An execution
In September, a great Aragonese noble of turbulent antecedents, the Duke of Hijar, with three other nobles of rank, were suddenly seized and committed to prison in Madrid. The accusation against them was that they had plotted against the crown: some said in favour of the King of Portugal, others in favour of France; but the King specially assured the nun that there had not been discovered any design against his life. The Duke, as soon as he was arrested, endeavoured to implicate Sor Maria in the plot, and produced a letter from her to him. In a note in her own hand on the King's account written to her of the execution of the prisoners in December, she explains the matter. Hijar, it appears, had written to her hinting at some plan against the Government being in contemplation, and asking her advice. She had replied deploring such wickedness, and had referred him to the King. The nun says that many had been the attempts to bring her into trouble about it; but that in all his letters to her referring to the plot the King had never even mentioned her connection with the matter, which showed that he, at least, did not believe that she was culpably concerned. The King, indeed, in his letters rather makes light of the affair, as being "the most foolish conspiracy ever conceived," and he evidently did not think that the Duke of Hijar was the prime mover in the affair; as repeated torture having failed to wring any incriminatory admissions from the Duke, the judges sentenced him to perpetual imprisonment only, though we are told that the torture had made him a cripple for life, both hand and foot. One of the other conspirators died of a fit in the prison soon after the death sentence was passed, his fate, as Philip wrote to the nun, being worst of all, since he had died unabsolved.
The "Hijar conspirators"
The public execution in the Plaza Mayor of the two principal conspirators, both nobles, Don Pedro de Silva, Marquis de la Vega de Sagra, and Don Carlos de Padilla, moved excitement-loving Madrid profoundly, and several eye-witnesses of the scene have left their impressions of it.
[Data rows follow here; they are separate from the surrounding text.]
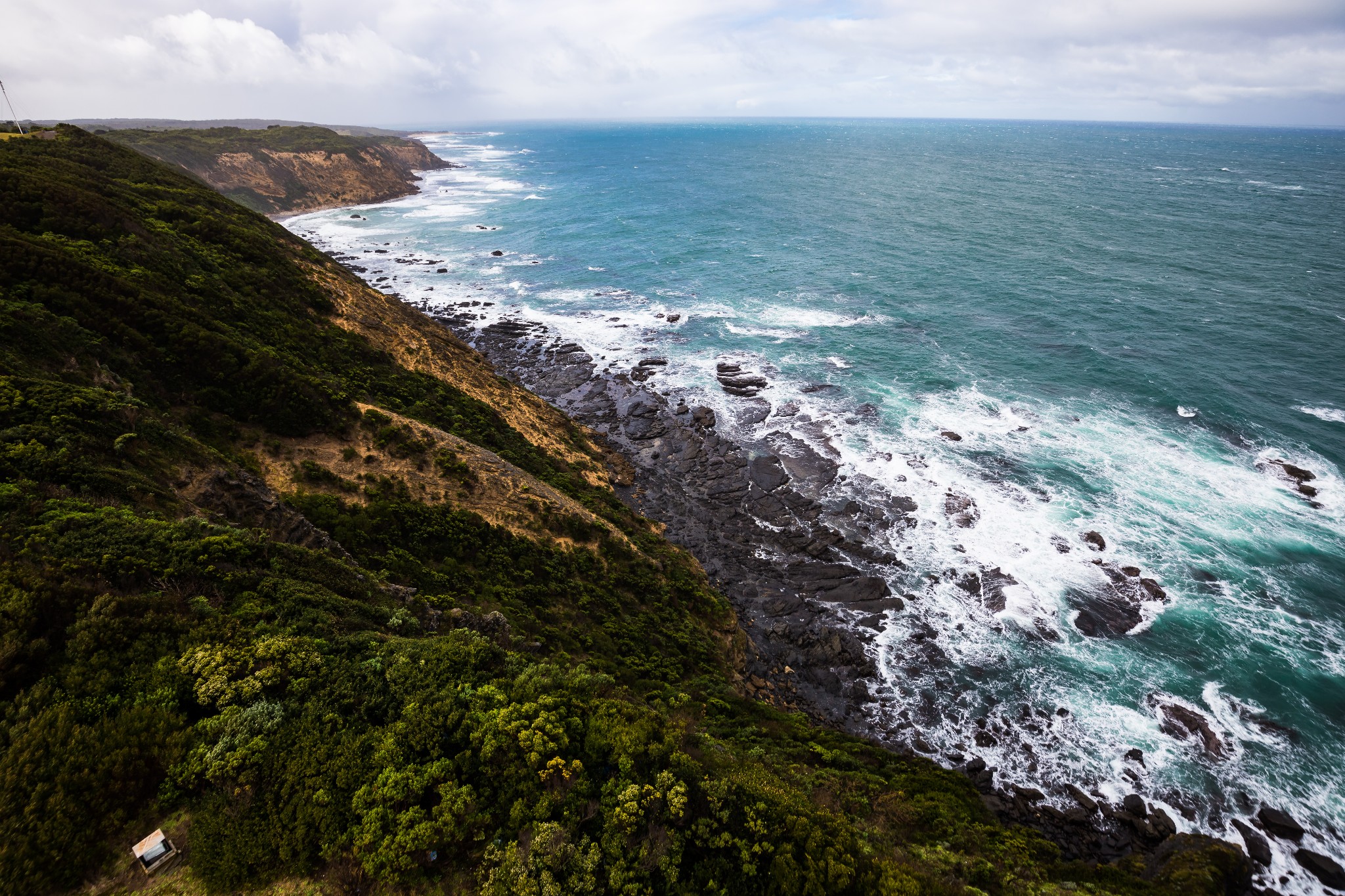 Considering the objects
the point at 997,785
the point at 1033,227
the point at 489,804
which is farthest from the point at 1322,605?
the point at 1033,227

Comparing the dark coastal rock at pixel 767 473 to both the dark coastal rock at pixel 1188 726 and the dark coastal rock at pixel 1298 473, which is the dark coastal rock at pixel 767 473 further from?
the dark coastal rock at pixel 1298 473

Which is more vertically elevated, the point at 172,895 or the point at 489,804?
the point at 172,895

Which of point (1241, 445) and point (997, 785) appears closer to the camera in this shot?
point (997, 785)

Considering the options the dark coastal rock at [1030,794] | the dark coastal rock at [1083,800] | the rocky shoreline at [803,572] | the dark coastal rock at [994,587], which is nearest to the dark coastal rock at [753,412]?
the rocky shoreline at [803,572]

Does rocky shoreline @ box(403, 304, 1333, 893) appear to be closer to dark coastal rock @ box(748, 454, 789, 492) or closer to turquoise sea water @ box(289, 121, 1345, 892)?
dark coastal rock @ box(748, 454, 789, 492)

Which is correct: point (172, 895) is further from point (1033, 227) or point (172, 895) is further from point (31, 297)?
point (1033, 227)

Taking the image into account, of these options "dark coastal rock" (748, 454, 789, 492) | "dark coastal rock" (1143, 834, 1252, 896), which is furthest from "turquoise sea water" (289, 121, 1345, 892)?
"dark coastal rock" (748, 454, 789, 492)

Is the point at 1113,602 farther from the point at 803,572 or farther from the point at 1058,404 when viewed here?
the point at 1058,404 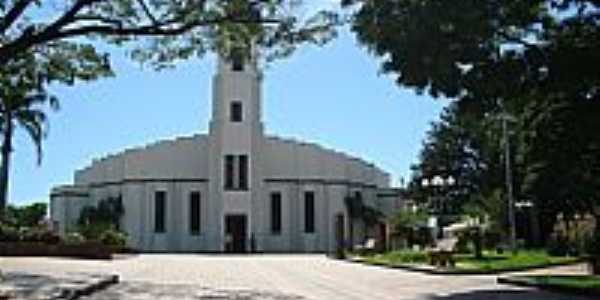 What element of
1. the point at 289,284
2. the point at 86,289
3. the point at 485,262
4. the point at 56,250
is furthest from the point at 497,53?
the point at 56,250

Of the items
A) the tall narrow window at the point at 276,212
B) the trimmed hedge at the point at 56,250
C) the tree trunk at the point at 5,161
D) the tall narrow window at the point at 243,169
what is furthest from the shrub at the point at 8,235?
the tall narrow window at the point at 276,212

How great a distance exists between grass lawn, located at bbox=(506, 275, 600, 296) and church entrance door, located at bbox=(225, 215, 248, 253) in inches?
1684

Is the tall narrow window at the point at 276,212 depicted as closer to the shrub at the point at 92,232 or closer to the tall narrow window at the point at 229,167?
the tall narrow window at the point at 229,167

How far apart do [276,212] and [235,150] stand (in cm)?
493

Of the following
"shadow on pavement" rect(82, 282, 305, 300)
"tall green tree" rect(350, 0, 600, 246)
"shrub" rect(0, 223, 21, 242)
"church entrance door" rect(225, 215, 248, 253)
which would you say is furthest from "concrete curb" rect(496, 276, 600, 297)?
"church entrance door" rect(225, 215, 248, 253)

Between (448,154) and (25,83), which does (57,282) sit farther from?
(448,154)

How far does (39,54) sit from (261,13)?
6.22 meters

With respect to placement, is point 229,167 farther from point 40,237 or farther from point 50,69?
point 50,69

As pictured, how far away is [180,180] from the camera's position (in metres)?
72.8

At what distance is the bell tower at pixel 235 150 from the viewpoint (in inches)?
2813

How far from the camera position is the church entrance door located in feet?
232

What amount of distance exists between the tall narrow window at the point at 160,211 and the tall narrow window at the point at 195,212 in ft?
5.73

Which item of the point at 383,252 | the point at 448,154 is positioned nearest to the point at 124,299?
the point at 383,252

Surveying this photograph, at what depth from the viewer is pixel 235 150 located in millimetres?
72312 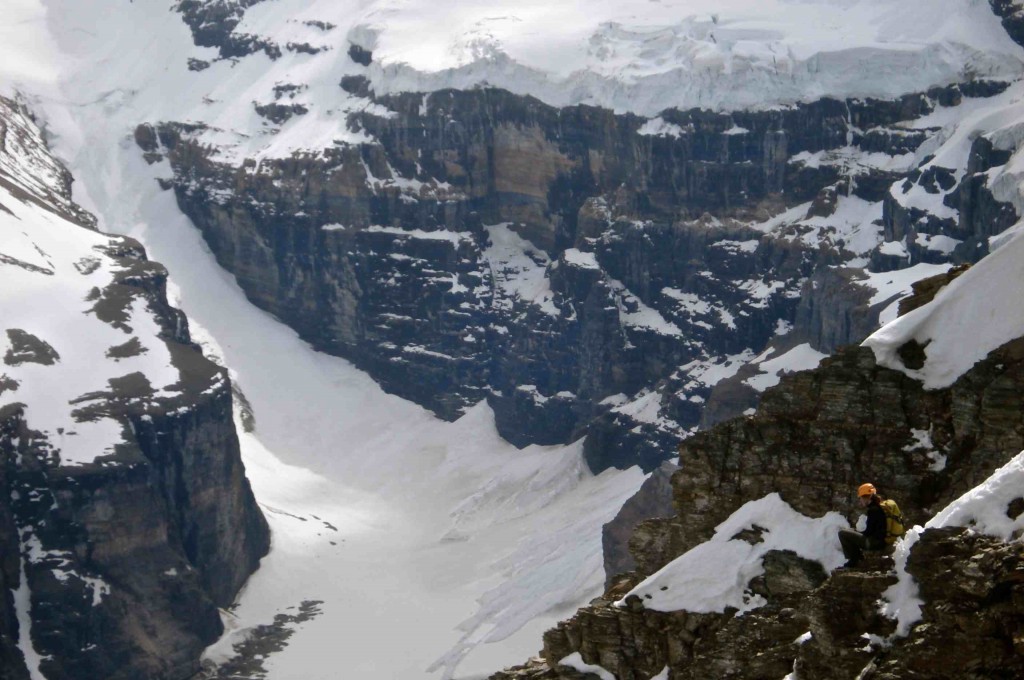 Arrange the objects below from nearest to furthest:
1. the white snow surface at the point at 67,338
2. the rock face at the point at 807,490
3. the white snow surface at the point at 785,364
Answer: the rock face at the point at 807,490
the white snow surface at the point at 67,338
the white snow surface at the point at 785,364

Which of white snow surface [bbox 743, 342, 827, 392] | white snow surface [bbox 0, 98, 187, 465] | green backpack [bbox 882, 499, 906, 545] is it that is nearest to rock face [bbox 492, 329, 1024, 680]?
green backpack [bbox 882, 499, 906, 545]

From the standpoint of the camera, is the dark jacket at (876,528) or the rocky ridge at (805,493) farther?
the dark jacket at (876,528)

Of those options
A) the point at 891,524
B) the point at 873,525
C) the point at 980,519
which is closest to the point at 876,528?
the point at 873,525

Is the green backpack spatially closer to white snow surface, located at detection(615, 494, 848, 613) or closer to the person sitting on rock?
the person sitting on rock

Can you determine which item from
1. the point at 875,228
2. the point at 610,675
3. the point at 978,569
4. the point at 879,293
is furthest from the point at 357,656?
the point at 978,569

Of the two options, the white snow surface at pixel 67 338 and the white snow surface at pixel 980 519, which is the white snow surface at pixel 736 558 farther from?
the white snow surface at pixel 67 338

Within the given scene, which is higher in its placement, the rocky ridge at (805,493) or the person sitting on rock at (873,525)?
the person sitting on rock at (873,525)

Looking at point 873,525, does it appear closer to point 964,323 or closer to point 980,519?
point 980,519

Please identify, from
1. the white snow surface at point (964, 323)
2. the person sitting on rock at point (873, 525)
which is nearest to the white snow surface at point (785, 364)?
the white snow surface at point (964, 323) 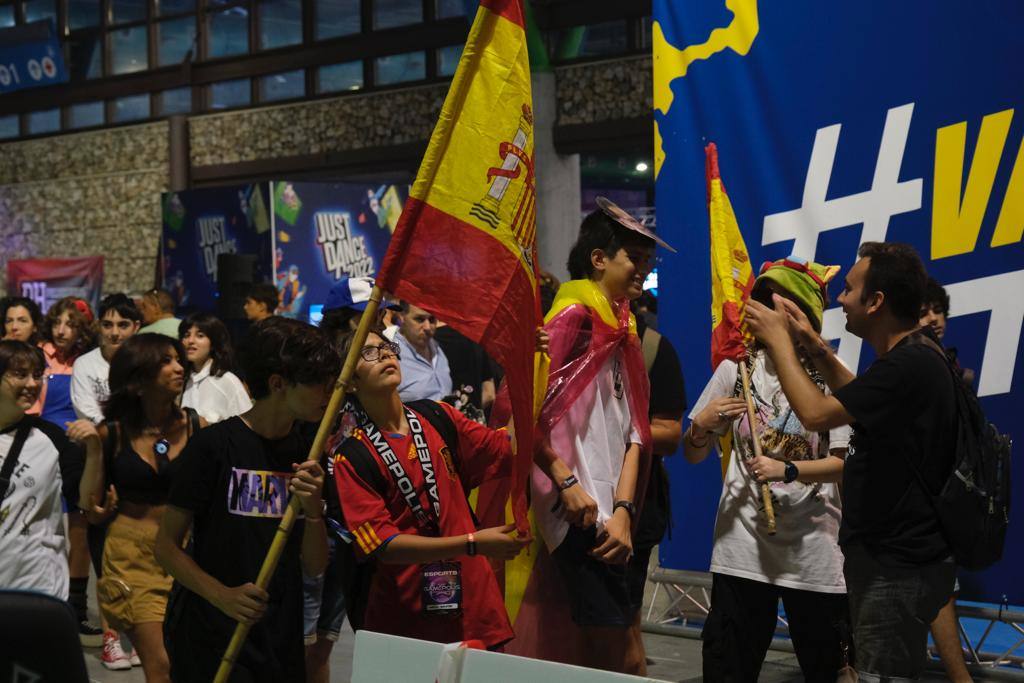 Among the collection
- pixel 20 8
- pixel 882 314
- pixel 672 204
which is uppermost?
pixel 20 8

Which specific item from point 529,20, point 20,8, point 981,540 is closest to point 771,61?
point 981,540

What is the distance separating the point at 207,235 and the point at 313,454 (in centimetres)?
1286

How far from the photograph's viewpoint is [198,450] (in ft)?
12.4

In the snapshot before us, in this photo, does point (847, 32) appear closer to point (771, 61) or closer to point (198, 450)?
point (771, 61)

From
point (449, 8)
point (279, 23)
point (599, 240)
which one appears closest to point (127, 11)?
point (279, 23)

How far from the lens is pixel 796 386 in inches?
162

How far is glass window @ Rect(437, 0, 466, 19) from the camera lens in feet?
55.8

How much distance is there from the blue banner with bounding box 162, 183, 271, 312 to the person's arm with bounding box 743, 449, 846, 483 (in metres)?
10.0

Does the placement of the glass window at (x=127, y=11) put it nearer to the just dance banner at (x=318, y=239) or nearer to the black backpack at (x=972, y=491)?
the just dance banner at (x=318, y=239)

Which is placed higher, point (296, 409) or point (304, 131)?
point (304, 131)

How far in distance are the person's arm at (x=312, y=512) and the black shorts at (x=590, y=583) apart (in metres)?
0.90

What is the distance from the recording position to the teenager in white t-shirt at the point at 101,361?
8.03 metres

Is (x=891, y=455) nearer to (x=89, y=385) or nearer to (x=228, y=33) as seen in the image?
(x=89, y=385)

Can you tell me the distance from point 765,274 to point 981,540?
1.34 metres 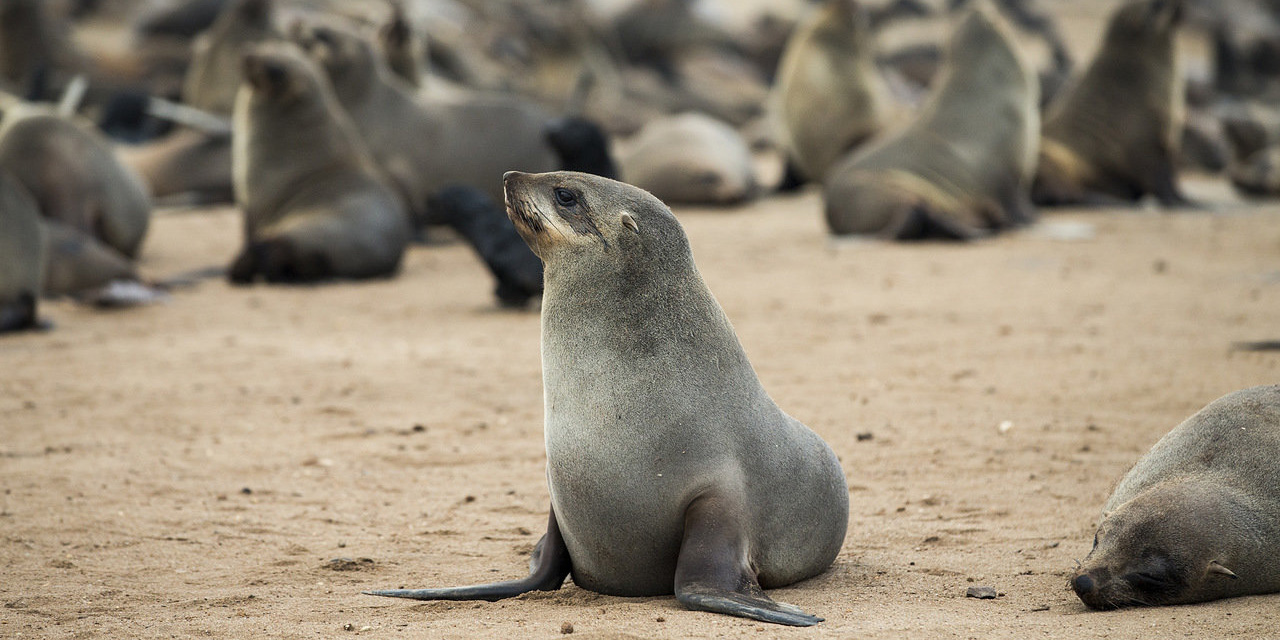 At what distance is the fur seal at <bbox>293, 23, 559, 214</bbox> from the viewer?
11508 millimetres

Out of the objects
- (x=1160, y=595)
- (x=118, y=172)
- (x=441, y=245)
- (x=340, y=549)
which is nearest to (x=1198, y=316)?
(x=1160, y=595)

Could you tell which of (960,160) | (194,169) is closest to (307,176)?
(194,169)

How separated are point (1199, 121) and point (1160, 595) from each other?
15.2m

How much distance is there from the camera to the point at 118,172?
1005 cm

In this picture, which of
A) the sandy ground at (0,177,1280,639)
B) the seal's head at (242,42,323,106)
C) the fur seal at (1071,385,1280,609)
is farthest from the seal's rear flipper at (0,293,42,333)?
the fur seal at (1071,385,1280,609)

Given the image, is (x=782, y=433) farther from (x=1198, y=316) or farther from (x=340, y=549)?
(x=1198, y=316)

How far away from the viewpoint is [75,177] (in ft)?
31.8

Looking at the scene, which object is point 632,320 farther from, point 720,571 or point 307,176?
point 307,176

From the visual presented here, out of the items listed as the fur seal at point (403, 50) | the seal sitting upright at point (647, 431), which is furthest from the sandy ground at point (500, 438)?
the fur seal at point (403, 50)

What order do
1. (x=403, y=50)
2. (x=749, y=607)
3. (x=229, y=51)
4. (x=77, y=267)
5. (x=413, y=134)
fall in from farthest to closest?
(x=229, y=51), (x=403, y=50), (x=413, y=134), (x=77, y=267), (x=749, y=607)

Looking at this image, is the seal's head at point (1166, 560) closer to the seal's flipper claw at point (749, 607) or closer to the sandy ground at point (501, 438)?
the sandy ground at point (501, 438)

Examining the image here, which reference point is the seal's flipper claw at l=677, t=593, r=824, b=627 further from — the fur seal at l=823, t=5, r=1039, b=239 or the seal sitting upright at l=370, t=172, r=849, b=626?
the fur seal at l=823, t=5, r=1039, b=239

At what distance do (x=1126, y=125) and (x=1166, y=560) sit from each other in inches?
412

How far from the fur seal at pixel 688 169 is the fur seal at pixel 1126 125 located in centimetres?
292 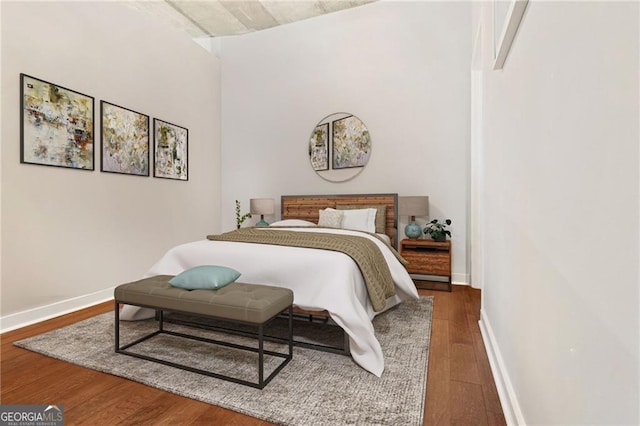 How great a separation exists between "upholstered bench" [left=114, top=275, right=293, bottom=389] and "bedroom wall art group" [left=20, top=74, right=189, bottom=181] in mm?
1663

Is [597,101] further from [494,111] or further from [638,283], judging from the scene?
[494,111]

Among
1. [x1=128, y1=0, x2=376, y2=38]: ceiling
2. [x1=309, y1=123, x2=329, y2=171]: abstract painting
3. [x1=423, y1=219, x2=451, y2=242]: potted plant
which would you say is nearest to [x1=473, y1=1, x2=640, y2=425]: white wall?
[x1=423, y1=219, x2=451, y2=242]: potted plant

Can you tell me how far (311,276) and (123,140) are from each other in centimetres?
273

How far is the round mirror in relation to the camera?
4.37 metres

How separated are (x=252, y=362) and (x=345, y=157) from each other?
10.1 feet

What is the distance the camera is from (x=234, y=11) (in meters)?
4.42

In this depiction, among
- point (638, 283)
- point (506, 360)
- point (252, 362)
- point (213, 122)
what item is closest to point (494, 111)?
point (506, 360)

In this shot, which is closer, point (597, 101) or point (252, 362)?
point (597, 101)

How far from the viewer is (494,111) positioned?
2.06m

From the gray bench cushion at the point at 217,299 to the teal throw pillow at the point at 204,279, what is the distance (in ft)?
0.10

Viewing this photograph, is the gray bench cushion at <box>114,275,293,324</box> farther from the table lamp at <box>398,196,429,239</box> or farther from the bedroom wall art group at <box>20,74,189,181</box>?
the table lamp at <box>398,196,429,239</box>

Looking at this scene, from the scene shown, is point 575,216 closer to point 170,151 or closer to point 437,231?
point 437,231

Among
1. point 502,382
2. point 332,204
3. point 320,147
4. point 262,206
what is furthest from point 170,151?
point 502,382

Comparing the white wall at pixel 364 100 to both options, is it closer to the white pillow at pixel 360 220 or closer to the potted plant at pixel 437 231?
the potted plant at pixel 437 231
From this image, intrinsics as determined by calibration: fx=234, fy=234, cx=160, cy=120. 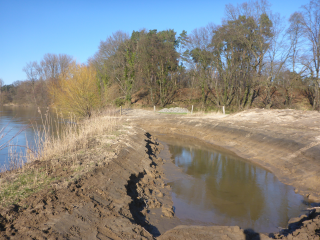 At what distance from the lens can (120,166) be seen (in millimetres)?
7129

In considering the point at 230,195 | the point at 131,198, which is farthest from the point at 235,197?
the point at 131,198

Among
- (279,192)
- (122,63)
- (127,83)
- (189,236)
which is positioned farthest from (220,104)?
(189,236)

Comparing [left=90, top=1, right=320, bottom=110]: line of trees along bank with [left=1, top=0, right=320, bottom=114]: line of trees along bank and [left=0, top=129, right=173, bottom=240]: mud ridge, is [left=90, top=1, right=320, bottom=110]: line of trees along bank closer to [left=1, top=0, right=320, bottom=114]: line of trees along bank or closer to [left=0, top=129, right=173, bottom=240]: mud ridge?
[left=1, top=0, right=320, bottom=114]: line of trees along bank

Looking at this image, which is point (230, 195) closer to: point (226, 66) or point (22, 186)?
point (22, 186)

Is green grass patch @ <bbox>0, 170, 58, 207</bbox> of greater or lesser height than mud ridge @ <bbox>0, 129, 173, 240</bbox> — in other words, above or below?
above

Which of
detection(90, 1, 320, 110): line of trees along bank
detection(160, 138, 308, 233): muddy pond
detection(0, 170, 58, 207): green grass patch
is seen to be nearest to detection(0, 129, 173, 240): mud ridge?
detection(0, 170, 58, 207): green grass patch

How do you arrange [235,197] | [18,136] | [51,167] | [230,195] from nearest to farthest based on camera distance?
[51,167]
[235,197]
[230,195]
[18,136]

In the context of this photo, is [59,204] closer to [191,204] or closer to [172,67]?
[191,204]

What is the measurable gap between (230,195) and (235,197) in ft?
0.60

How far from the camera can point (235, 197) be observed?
715 cm

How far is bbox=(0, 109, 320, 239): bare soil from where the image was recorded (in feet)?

From one unpublished account in the British Museum[[28]] the following description is condensed as an example of a Spanish execution, of the first importance at the time.
Shortly before noon, on Saturday, the 5th December 1648, the massive doors of the Carcel de la Corte, opposite the Plaza de Santa Cruz, near the Atocha entrance of the Plaza Mayor,[[29]] opened for a sombre procession to issue therefrom. First came seventy alguacils of the Court; then followed, amidst tapers and swinging censers, two famous figures of Christ from the parish church of Santa Cruz opposite, with the attendant clergy. Then came a saddle mule covered to the ground with housings of black baize, and led by an executioner. Upon the mule sat Don Carlos de Padilla, who only on the previous day had been divested of his honourable habit of a Knight of Santiago. Now, as he rode disconsolate, a crucifix in his hand and closely surrounded by many Jesuit fathers, he wore a long gown of black baize, with a cap of the same, and a steel chain dangled from his right foot. It was noticed, too, that instead of the almost universal golilla he wore a white starched Walloon collar unblued.
After him came on another draped mule the Marquis, Don Pedro, similarly garbed; but, instead of the collar, wearing the tippet of a Fellow of the College, of Cuenca at Salamanca. Following the condemned men came crowds of alguacils, notaries, and officers of justice; and as the procession swept along dismally, heralded by tolling bells and the dreary call of the criers for the people to pray for the souls of the departing, vast crowds stood at every coign of vantage, and were held back at the end of each side street by guards and alguacils. The procession did not enter the Plaza by the nearest gate, that of the Atocha, but debouched into the Calle Mayor, in order to enter the Plaza by a principal, Guadalajara, portal. It was noticed that as Don Carlos Padilla reached the entrance by the Guadalajara gate his face lit up radiantly, and the word passed along the awestruck crowd that a heavenly vision had brought comfort to him, now that all earthly comfort had fled.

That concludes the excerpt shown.